_The task:_
Could you restate, exactly and with nothing added, the lines from the start of the data through the line that holds "Modelo de Encarte", leaving the pictures out?

(Collected data entries)

Start of Block

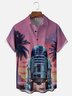 Moisture-Wicking Star Robot Coconut Tree Pocket Hawaiian Shirt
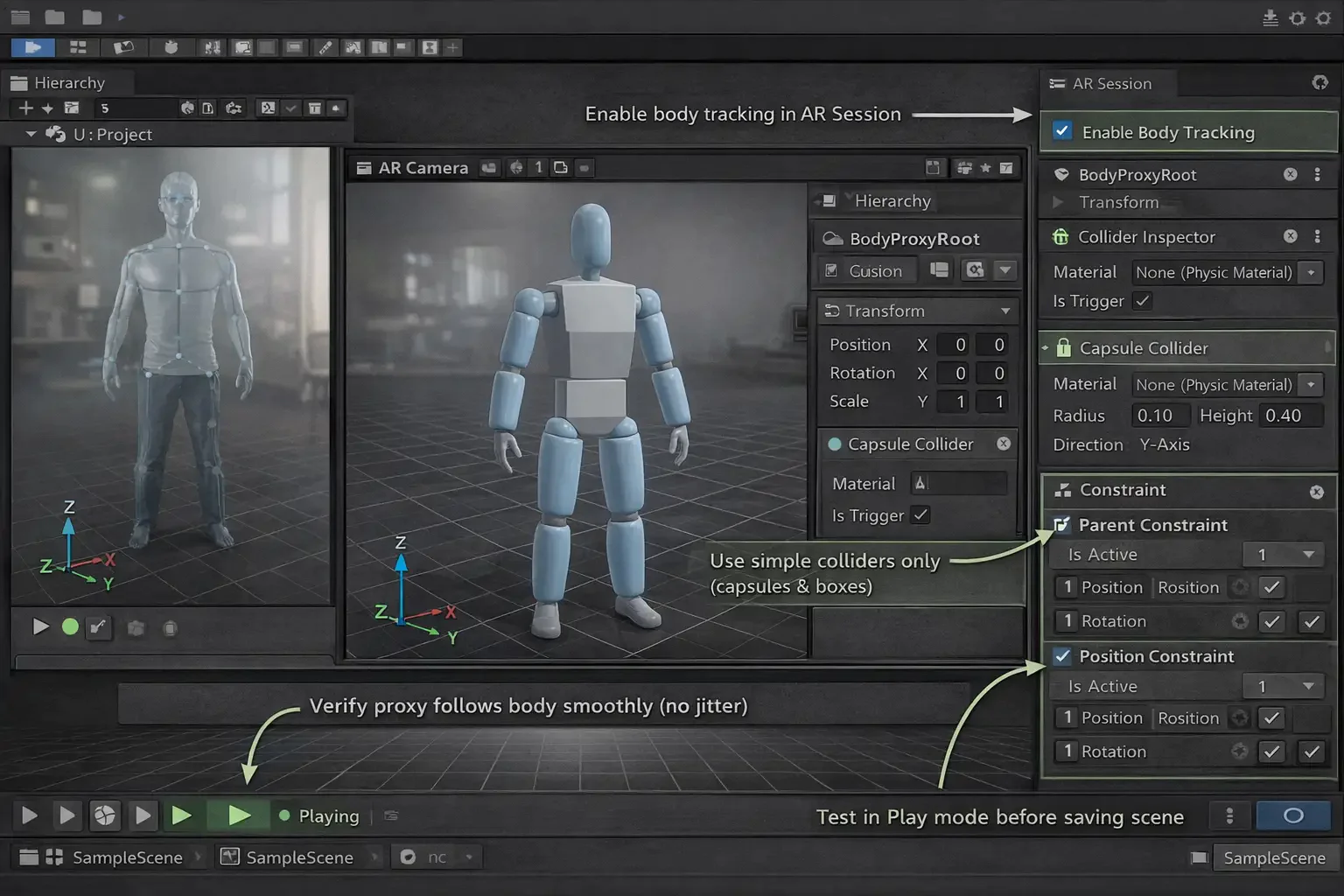 Enable Body Tracking and Create the Collision Body Proxy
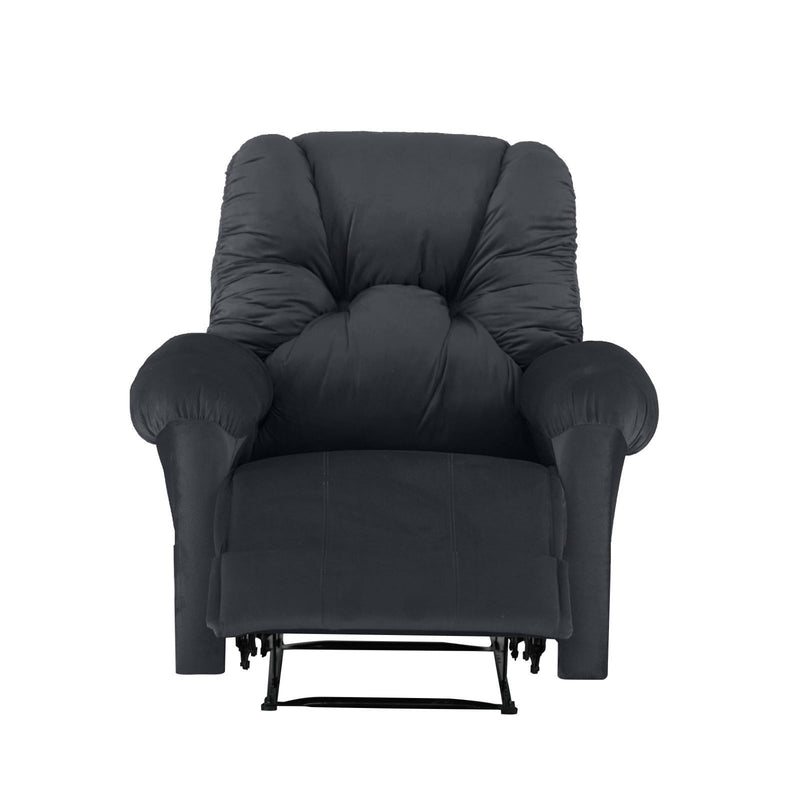 American Polo Recliner Rocking Velvet Chair Upholstered With Controllable Back للتحكم - dark grey-906194-DG (6613422538848)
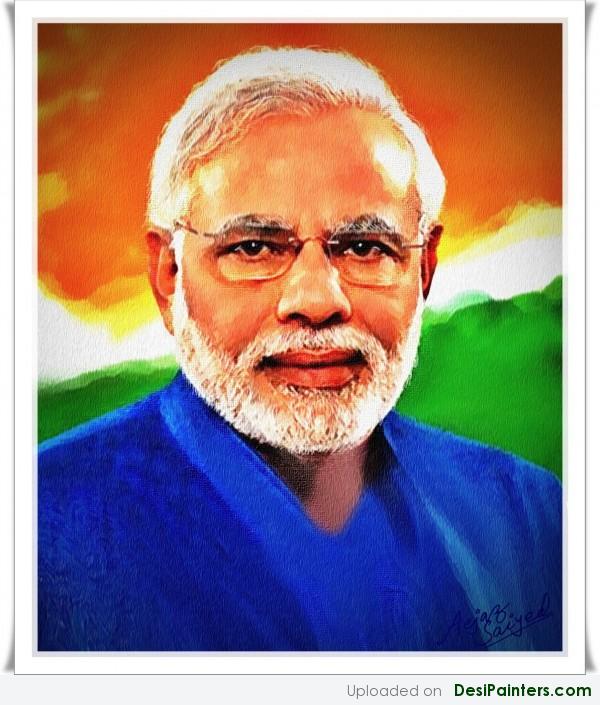 Digital Painting Of Shri Narendra Modi - DesiPainters.com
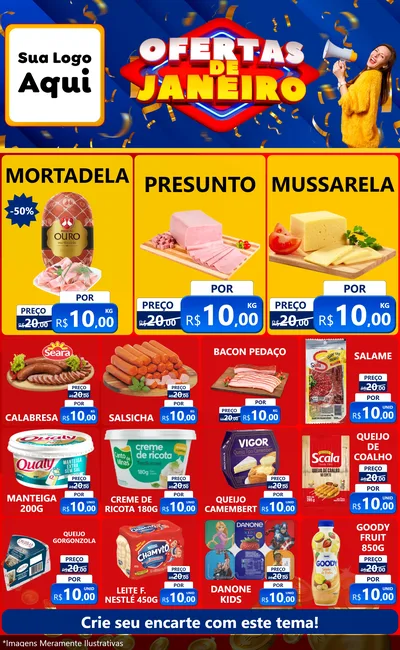 Modelo de Encarte para Encarte Grande com o tema Ofertas de Janeiro para Frios e Laticínios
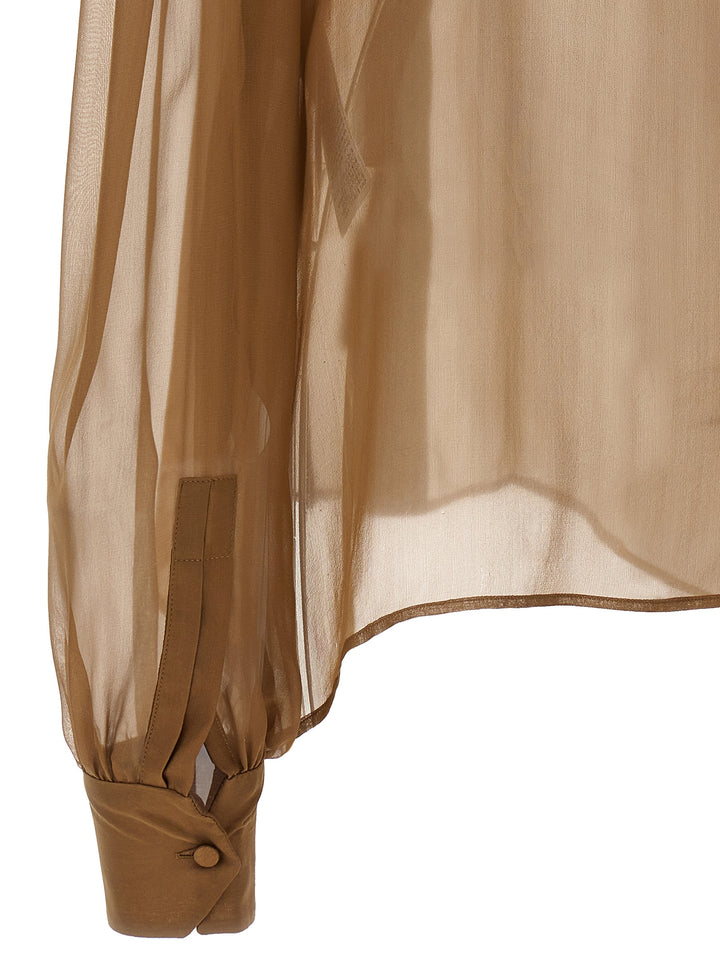 Muslin Silk Shirt Camicie Beige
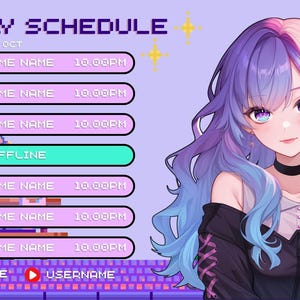Pode incluir: Gr&aacute;fico de arte digital com um cronograma semanal para a semana de 19 a 25 de outubro. A programa&ccedil;&atilde;o inclui hor&aacute;rios para "Game Name" &agrave;s 22h00, com um dia marcado como "Offline". Um personagem de estilo anime com cabelo roxo e rosa est&aacute; &agrave; direita.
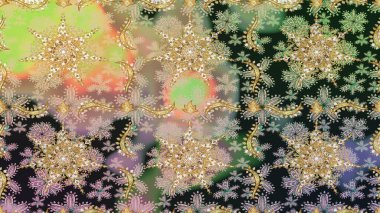 Soyut duvar kâğıdı, ambalaj dekorasyonu. Altın kar taneleri basit, pürüzsüz desen. Gri ve nötr renklerde Raster altın deseni. Kışın sembolü, Mutlu Noel tatili, Mutlu yıllar 2019.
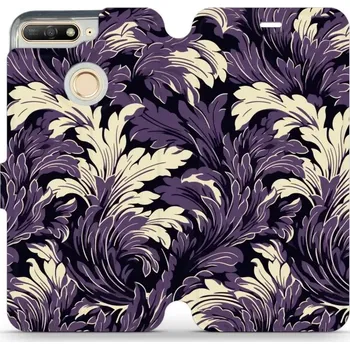 Pouzdro na mobilní telefon Flipové pouzdro Mobiwear - Huawei Y6 Prime 2018 / Honor 7A - VA46S Fialové rostliny (Knížkové flip pouzdro, obal, kryt na mobil Huawei Y6 Prime 2018 / Honor 7A - VA46S Fialové rostliny, materiál Umělá kůže + TPU - ochrana 360°, stojánek, silikonová vaničk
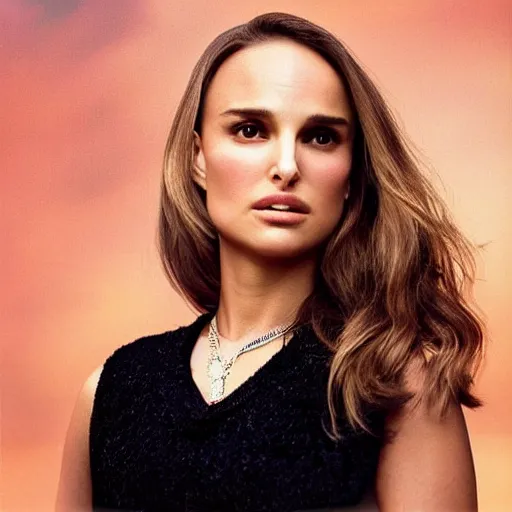 Prompt: “Natalie Portman, beautiful, golden hour, sharp focus, hyperrealistic masterpiece professionally post-processed smooth ultradetailed digital airbrush painting”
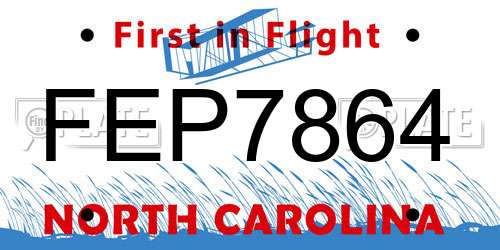 FEP7864 North Carolina License Plate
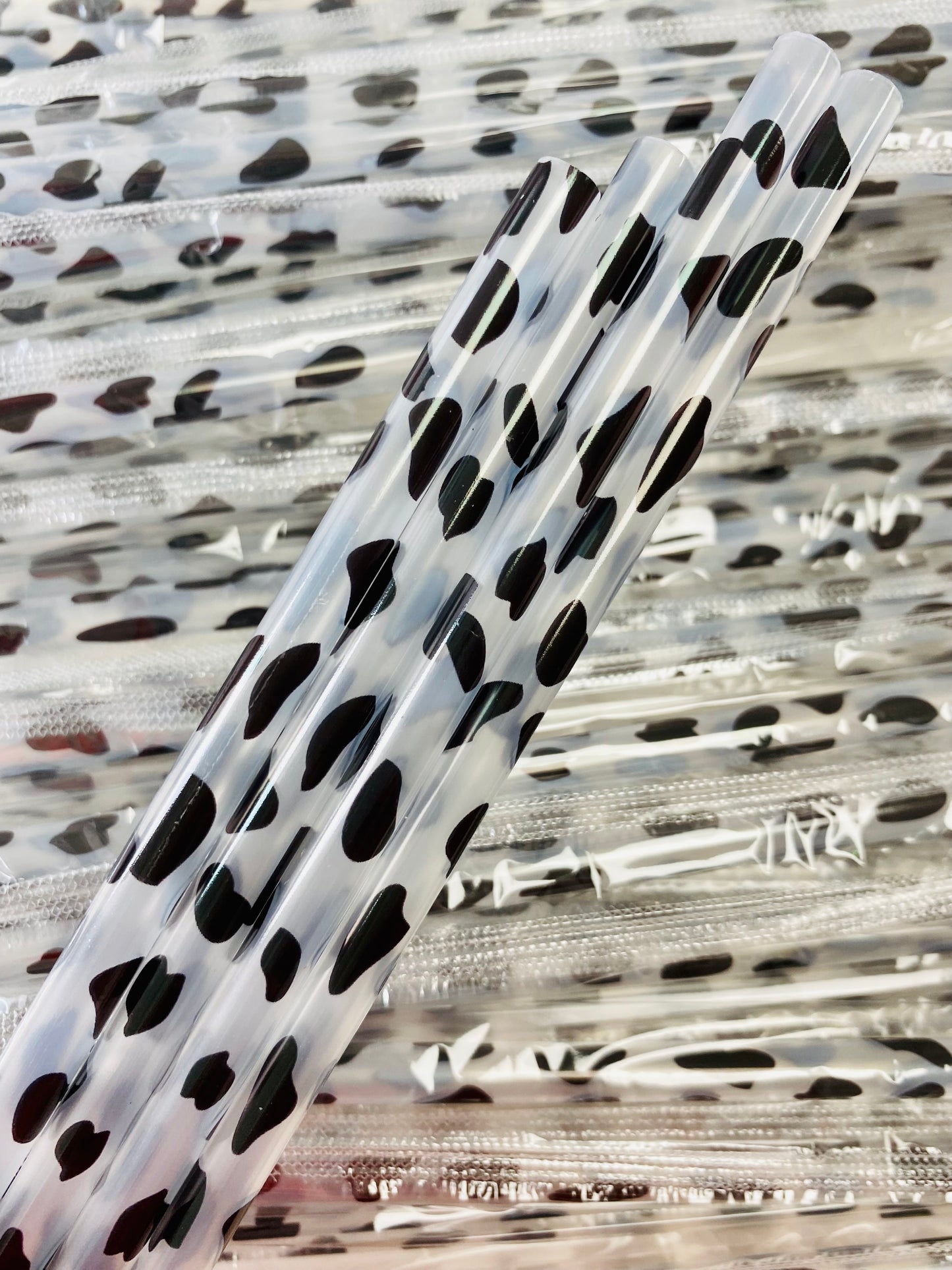 Cow Print Clear Straw image 0
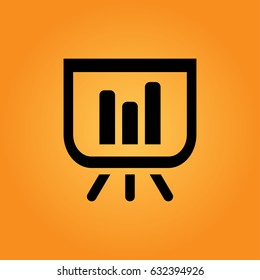 bar graph on ar ectangle icon
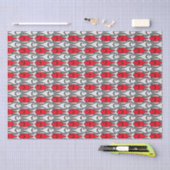 Mid-Century Moderne vis, rood en grijs/grijs Tissuepapier (Craft)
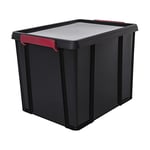 Iris Ohyama, Plastic tool Storage Boxes with Lid and Clip closing, 38L, Set of 1, Stackable, BPA Free, Attic, Shed, Garage, MBX-38, Black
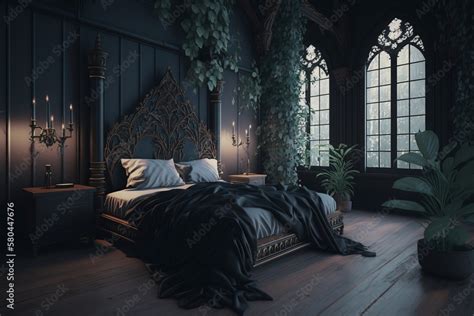 Luxury gothic style bedroom interior. Black and dark kitchen design. AI ...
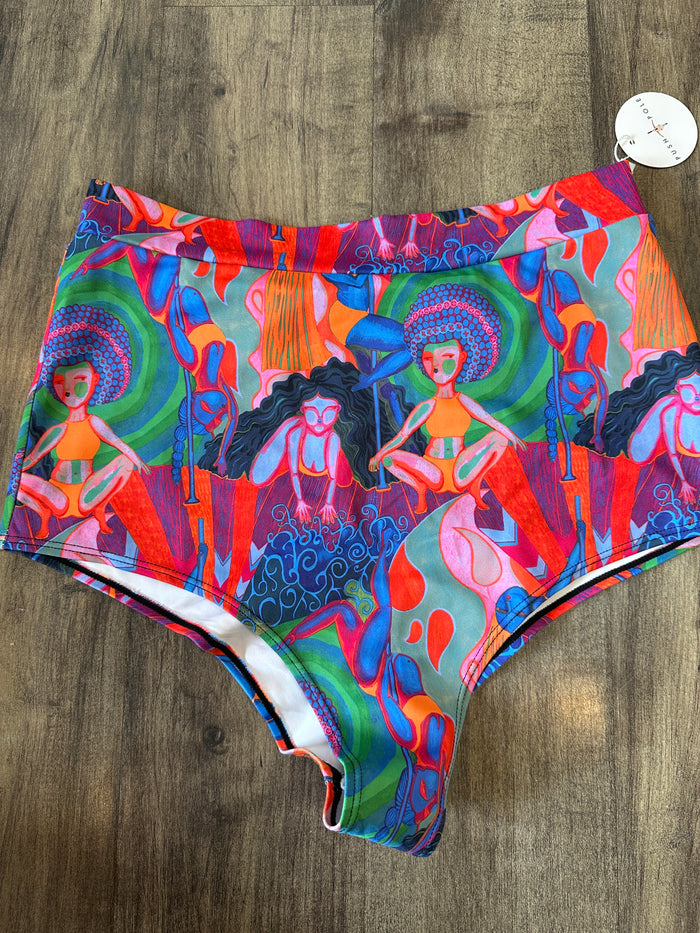 *OOPSIES* Rainbow Dancers High Waisted Cheeky Shorts Sz L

End of Block

_Result for this exercise:_
 Moisture-Wicking Star Robot Coconut Tree Pocket Hawaiian Shirt
 Enable Body Tracking and Create the Collision Body Proxy
 American Polo Recliner Rocking Velvet Chair Upholstered With Controllable Back للتحكم - dark grey-906194-DG (6613422538848)
 Digital Painting Of Shri Narendra Modi - DesiPainters.com
 Modelo de Encarte para Encarte Grande com o tema Ofertas de Janeiro para Frios e Laticínios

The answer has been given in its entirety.